# INFORMATION SHOWN
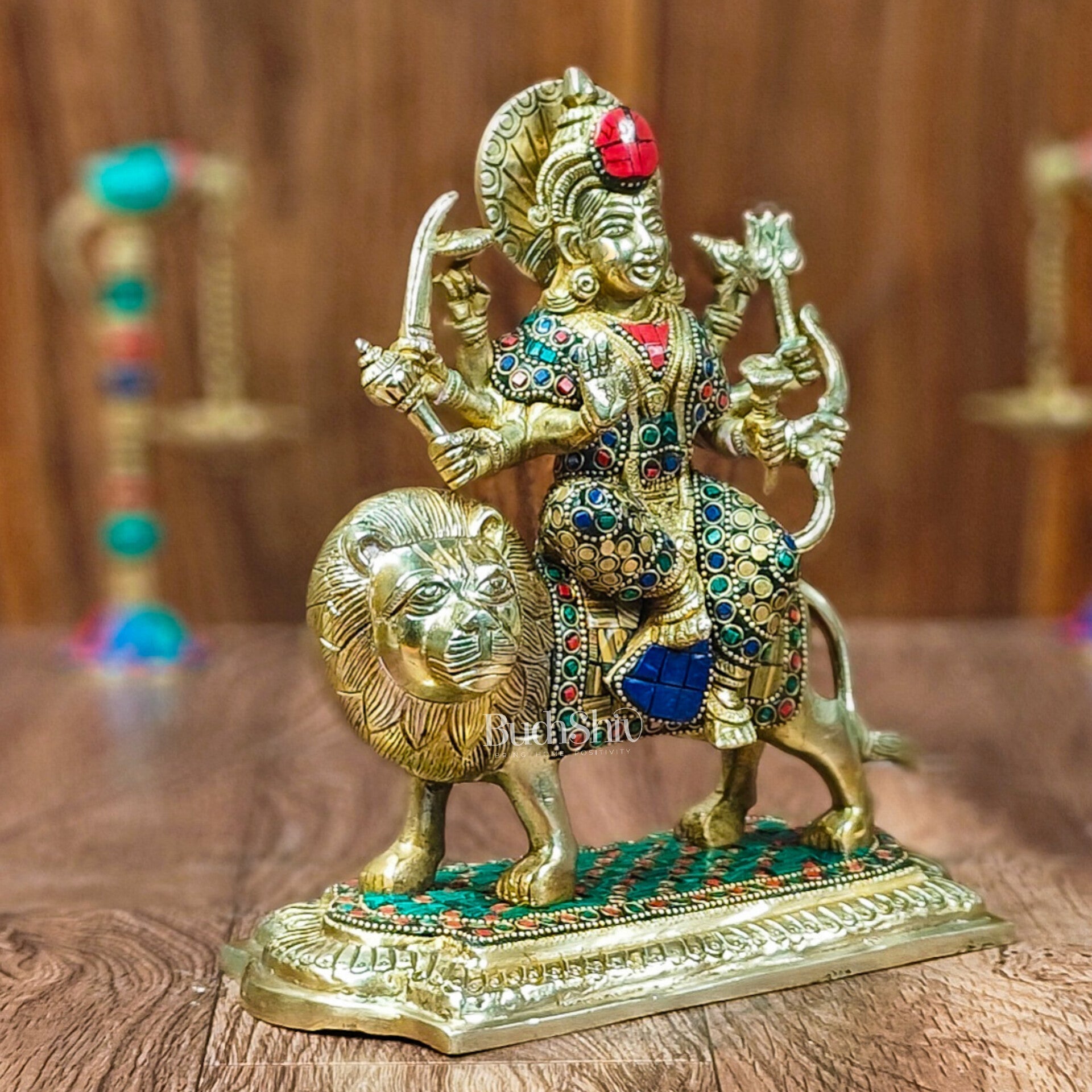 Brass Superfine Durga statue with Stonework 10 " | Brass Superfine Durga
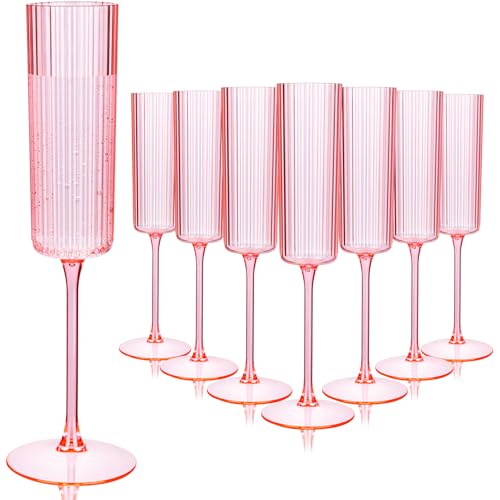 36 Pack 6oz Pink Plastic Champagne Flutes C464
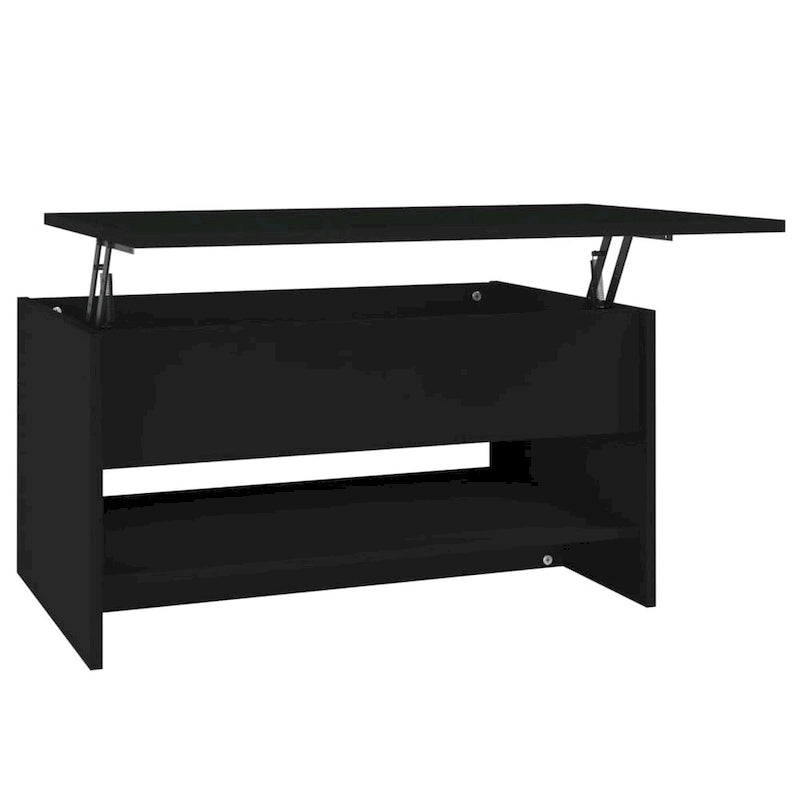 Table basse relevable, bout de canapé, table d'appoint, bois manufacturé - 80 x 50 x 42,4 cm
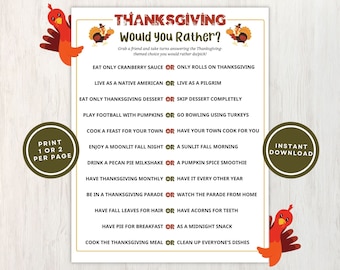 Printable Thanksgiving Would You Rather Game for Kids and Adults, Would You Rather Thanksgiving Gatherings and Classrooms, Instant Download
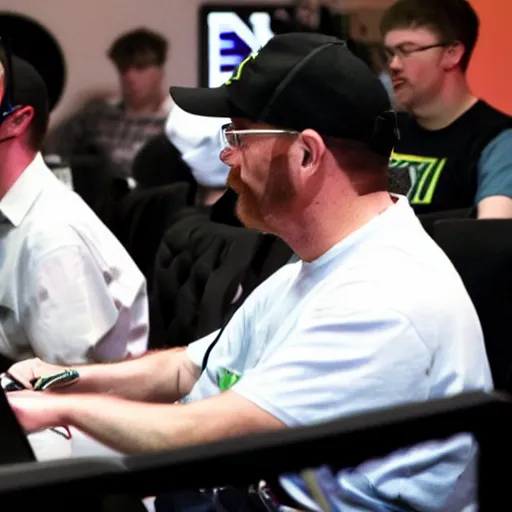 Image similar to walter white intensely gaming at esports tournament infront of crowd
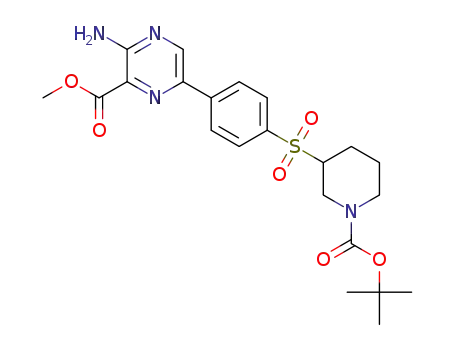 Molecular Structure of 1432755-73-1 (methyl 3-amino-6-[4-[(1-tert-butoxycarbonyl-3-piperidyl)sulfonyl]phenyl]pyrazine-2-carboxylate)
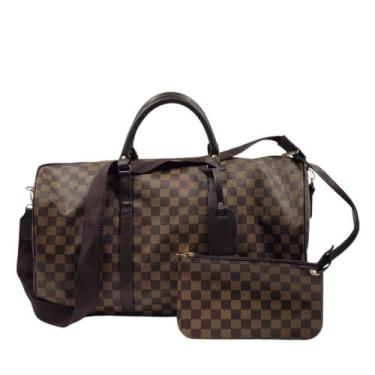 Imagem de Mochila mala para viagem tamanho M - Manuela Marques, Marrom, Xadrez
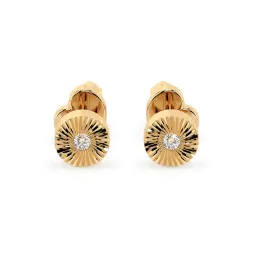 0,04 Karat Diamant Ohrstecker mit 2 echten Diamanten, Gelbgold 585 / 14K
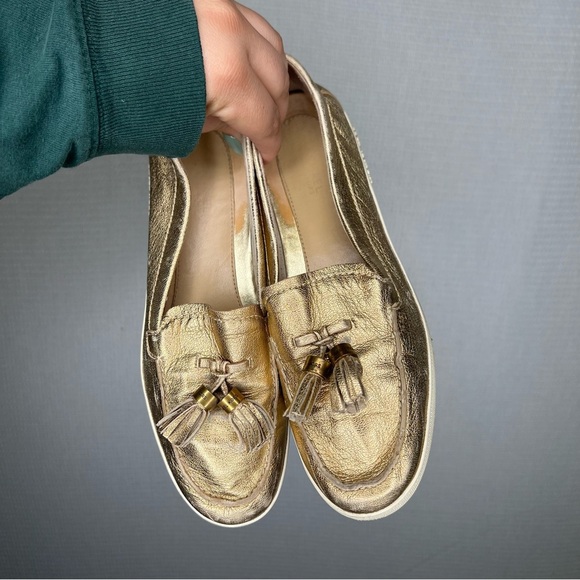Michael Kors Gold Tassel Loafers - Picture 2 of 7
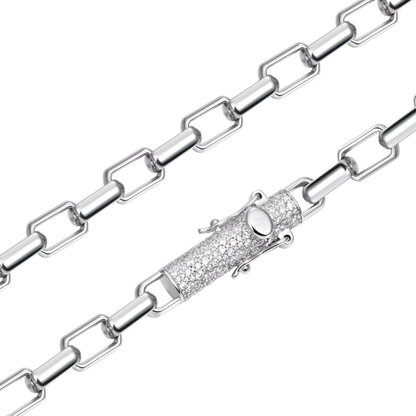 Paper Clip Chain With Iced Round Cut Clasp - 8mm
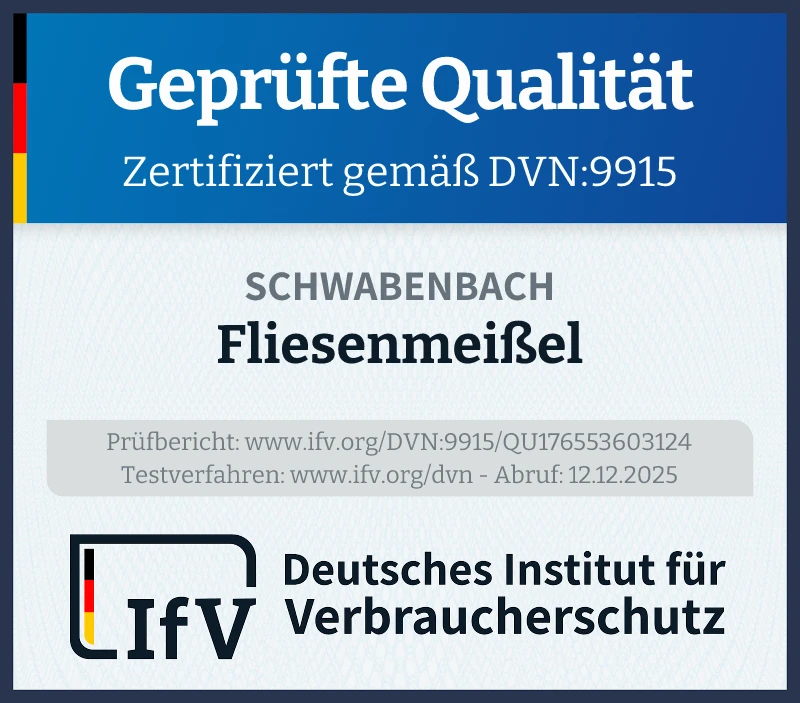 Prüfsiegel Fliesenmeißel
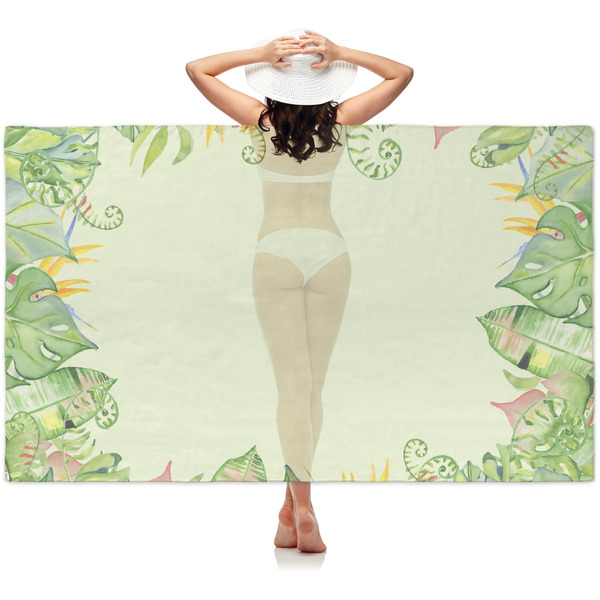 Custom Tropical Leaves Border Sheer Sarong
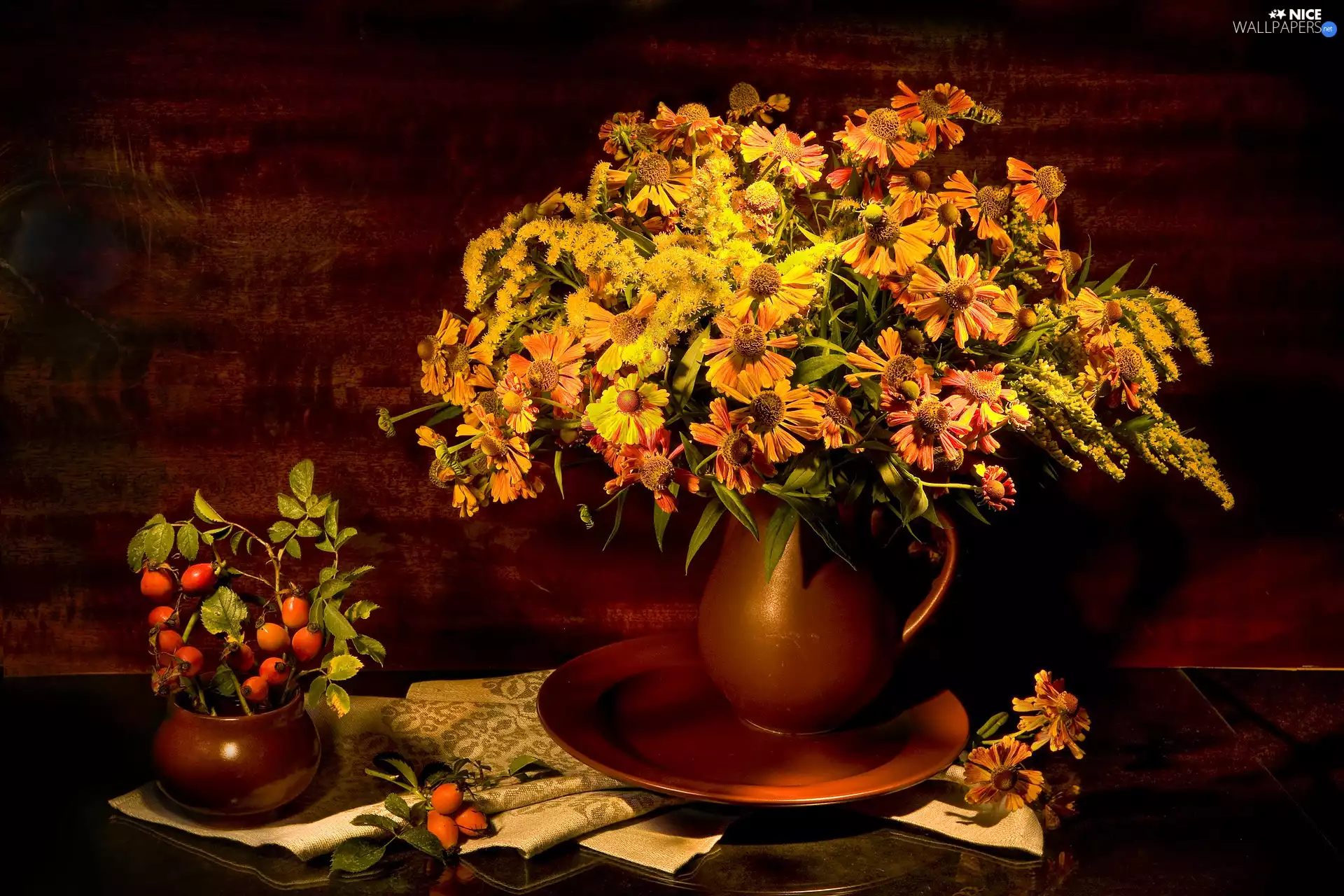 Flowers, bouquet, jug, Helenium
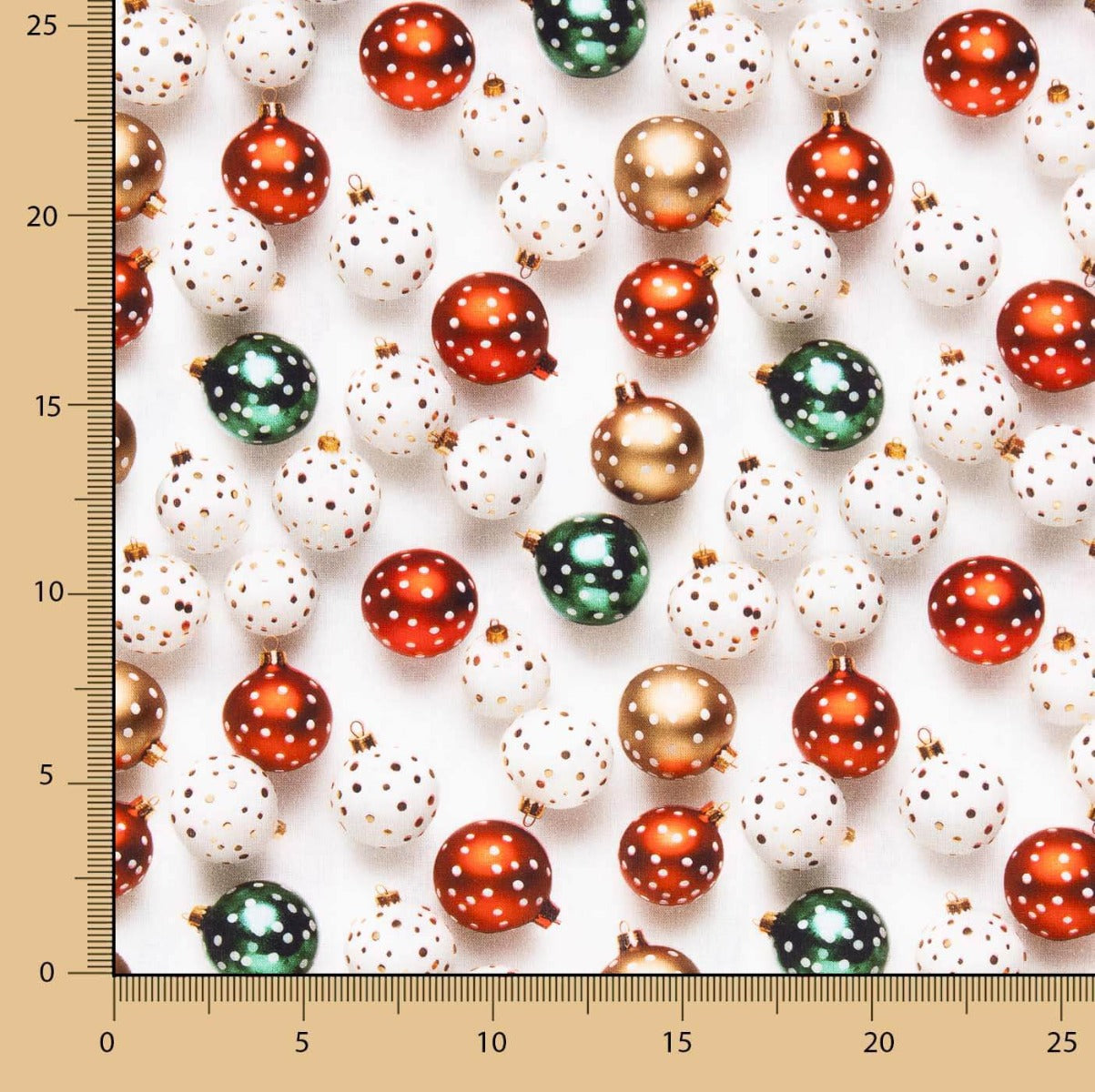 Tissu Popeline de Coton Noël Boules - Ribes y Casals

# EXERCISE INSTRUCTIONS
Could the entries above be returned verbatim, with no pictures included?

# FINISHED TASK
 Brass Superfine Durga statue with Stonework 10 " | Brass Superfine Durga
 36 Pack 6oz Pink Plastic Champagne Flutes C464
 Table basse relevable, bout de canapé, table d'appoint, bois manufacturé - 80 x 50 x 42,4 cm
 Printable Thanksgiving Would You Rather Game for Kids and Adults, Would You Rather Thanksgiving Gatherings and Classrooms, Instant Download
 Image similar to walter white intensely gaming at esports tournament infront of crowd
 Molecular Structure of 1432755-73-1 (methyl 3-amino-6-[4-[(1-tert-butoxycarbonyl-3-piperidyl)sulfonyl]phenyl]pyrazine-2-carboxylate)
 Imagem de Mochila mala para viagem tamanho M - Manuela Marques, Marrom, Xadrez
 0,04 Karat Diamant Ohrstecker mit 2 echten Diamanten, Gelbgold 585 / 14K
Michael Kors Gold Tassel Loafers - Picture 2 of 7
 Paper Clip Chain With Iced Round Cut Clasp - 8mm
 Prüfsiegel Fliesenmeißel
 Custom Tropical Leaves Border Sheer Sarong
 Flowers, bouquet, jug, Helenium
 Tissu Popeline de Coton Noël Boules - Ribes y Casals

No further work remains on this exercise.